Lightweight MLflow package without SQL storage, server, UI, or data science dependencies.


pip install mlflow[extras]

MLflow package with all dependencies needed to run various MLflow flavors. These dependencies are listed in this document.

In-development version

pip install git+https://github.com/mlflow/mlflow.git@master

This is the latest version of MLflow, which may be useful for getting hot-fixes or new features.

Python and Mac OS X

We strongly recommend using a virtual environment manager on Macs. We always recommend using virtual environments, but they are especially important on Mac OS X because the system python version varies depending on the installation and whether you’ve installed the Xcode command line tools. The default environment manager for MLflow is virtualenv. Other popular options are conda and venv.


We release MLflow on:

  • PyPI (pip install mlflow)

  • conda-forge (conda install -c conda-forge mlflow)

R and Java

We release MLflow on:

  • CRAN (install.packages("mlflow"))

  • Maven Central (mlflow-client, mlflow-parent, mlflow-scoring, mlflow-spark)

For R, see installing MLflow for R . For Java, see Java API.

Save and serve models

MLflow includes a generic MLmodel format for saving models from a variety of tools in diverse flavors. For example, many models can be served as Python functions, so an MLmodel file can declare how each model should be interpreted as a Python function in order to let various tools serve it.
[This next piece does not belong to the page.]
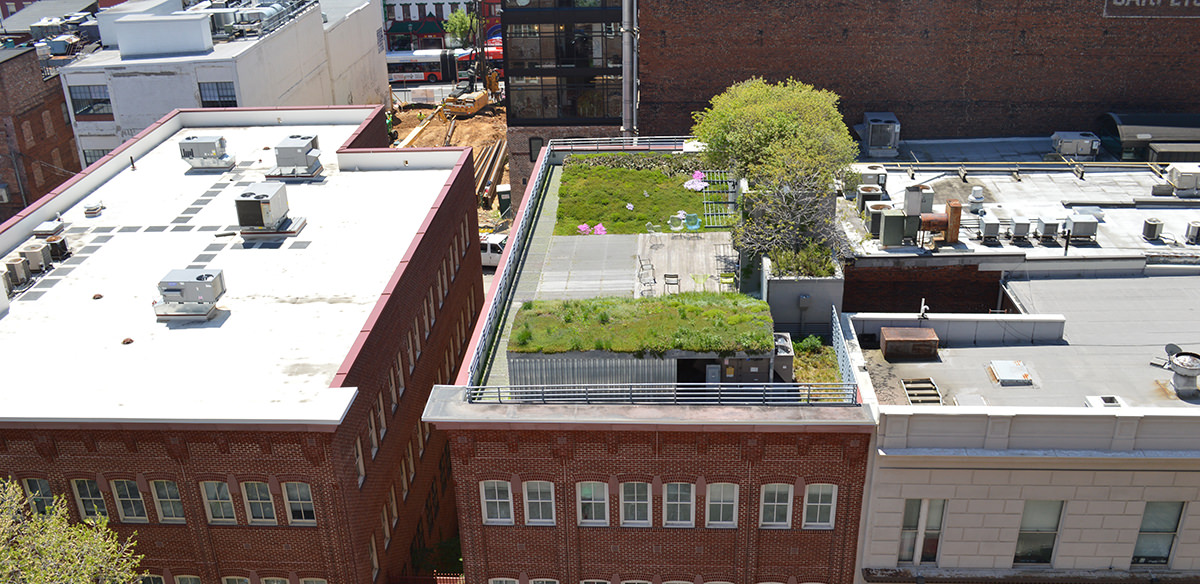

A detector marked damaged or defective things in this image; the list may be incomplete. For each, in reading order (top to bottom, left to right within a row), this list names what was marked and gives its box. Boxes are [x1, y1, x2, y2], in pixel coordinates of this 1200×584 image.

rust stained vent [992, 358, 1032, 386]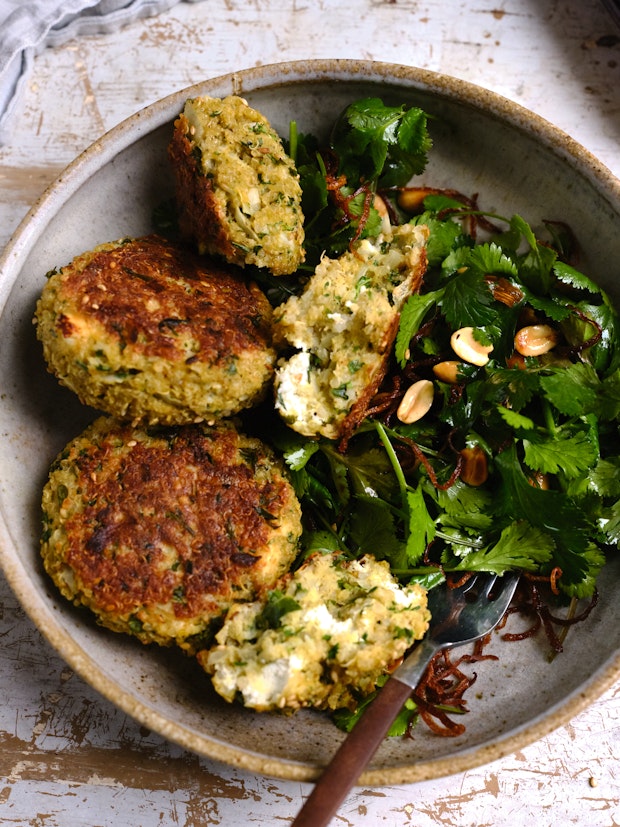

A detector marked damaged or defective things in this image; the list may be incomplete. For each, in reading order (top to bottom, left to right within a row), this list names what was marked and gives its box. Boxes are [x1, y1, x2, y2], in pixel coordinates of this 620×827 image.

MLflow also includes tools for running such models locally and exporting them to Docker containers or commercial serving platforms.

To illustrate this functionality, the mlflow.sklearn flavor can log scikit-learn models as MLflow artifacts and then load them again for serving. There is an example training application in sklearn_logistic_regression/train.py. To run it, switch to the MLflow repository root and run:

python examples/sklearn_logistic_regression/train.py

When you run the example, it outputs an MLflow run ID for that experiment. If you look at the mlflow ui, you will also see that the run saved a model folder containing an MLmodel description file and a pickled scikit-learn model. You can pass the run ID and the path of the model within the artifacts directory (here model/) to various tools. For example, MLflow includes a simple REST server for python-based models:

mlflow models serve -m --env-manager local runs:/<RUN_ID>/model


By default the server runs on port 5000. If that port is already in use, use the –port option to specify a different port. For example: mlflow models serve -m runs:/<RUN_ID>/model --port 1234

Once you have started the server, you can pass it some sample data and see the predictions.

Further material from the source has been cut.